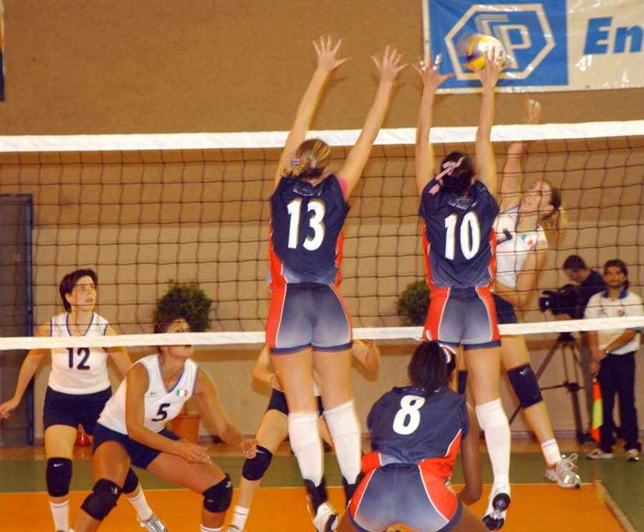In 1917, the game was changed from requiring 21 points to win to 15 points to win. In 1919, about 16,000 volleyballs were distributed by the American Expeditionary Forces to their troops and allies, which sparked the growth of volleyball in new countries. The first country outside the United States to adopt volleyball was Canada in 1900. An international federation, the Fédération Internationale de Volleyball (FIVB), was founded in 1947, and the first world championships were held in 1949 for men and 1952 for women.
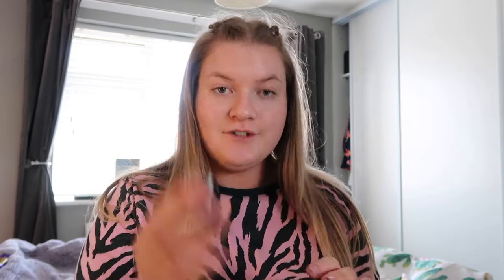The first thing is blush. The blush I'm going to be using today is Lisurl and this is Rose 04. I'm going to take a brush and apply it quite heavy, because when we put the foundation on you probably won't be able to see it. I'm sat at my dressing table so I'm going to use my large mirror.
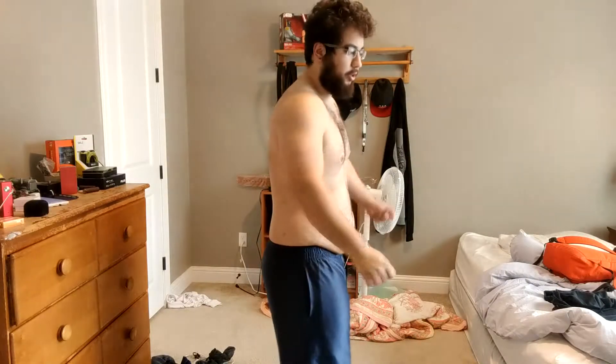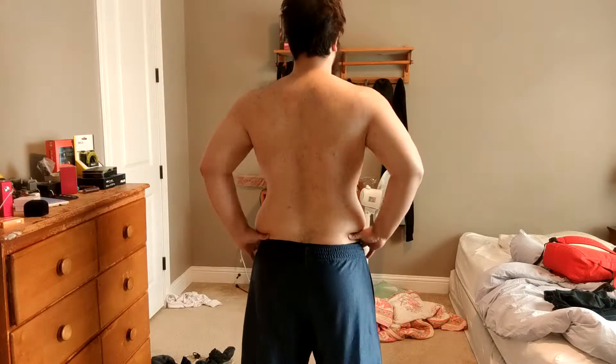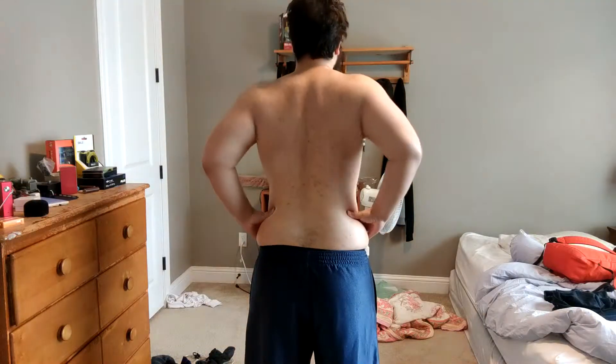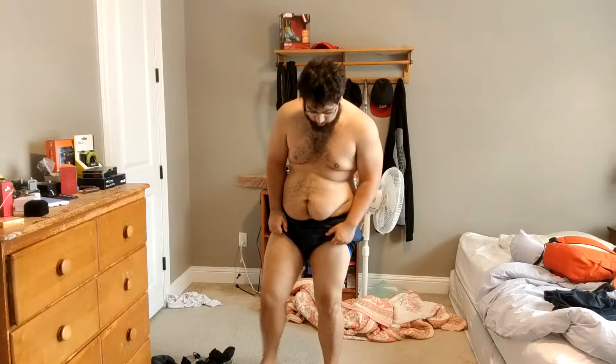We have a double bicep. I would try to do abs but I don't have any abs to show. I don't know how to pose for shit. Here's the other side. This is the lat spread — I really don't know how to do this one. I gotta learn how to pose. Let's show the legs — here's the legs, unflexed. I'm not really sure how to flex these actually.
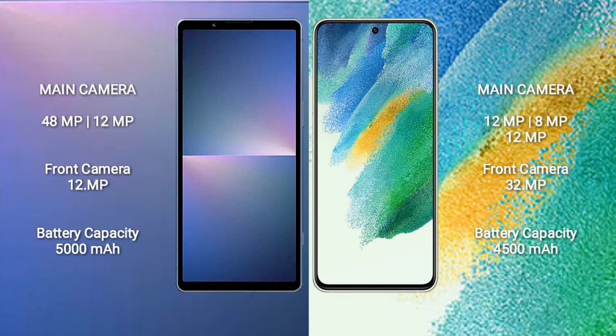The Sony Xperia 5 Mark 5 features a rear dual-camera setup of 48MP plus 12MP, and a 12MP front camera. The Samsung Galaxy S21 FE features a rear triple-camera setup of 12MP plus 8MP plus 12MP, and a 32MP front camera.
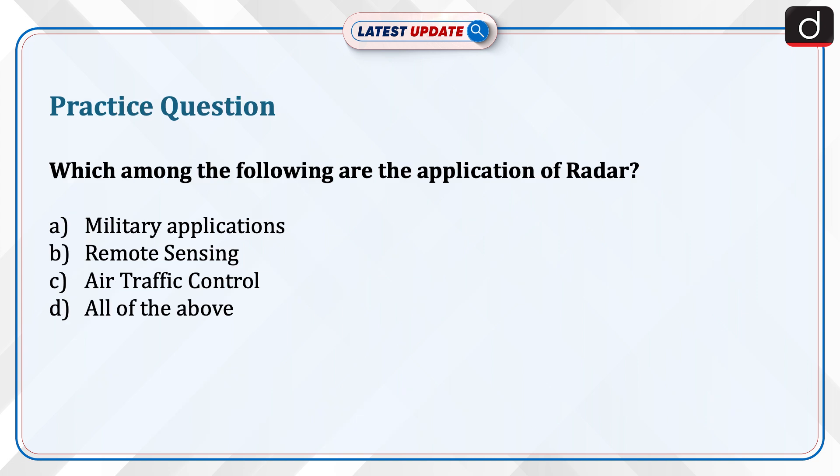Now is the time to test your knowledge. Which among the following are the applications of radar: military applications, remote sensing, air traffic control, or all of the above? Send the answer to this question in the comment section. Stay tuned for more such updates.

○ ○ ○ ○

What you need to do: Copy exactly, and only, the lines running from the one containing "We have a double" through the final line of the data, and omit the pictures.

Written answer:
We have a double bicep. I would try to do abs but I don't have any abs to show. I don't know how to pose for shit. Here's the other side. This is the lat spread — I really don't know how to do this one. I gotta learn how to pose. Let's show the legs — here's the legs, unflexed. I'm not really sure how to flex these actually.
The Sony Xperia 5 Mark 5 features a rear dual-camera setup of 48MP plus 12MP, and a 12MP front camera. The Samsung Galaxy S21 FE features a rear triple-camera setup of 12MP plus 8MP plus 12MP, and a 32MP front camera.
Now is the time to test your knowledge. Which among the following are the applications of radar: military applications, remote sensing, air traffic control, or all of the above? Send the answer to this question in the comment section. Stay tuned for more such updates.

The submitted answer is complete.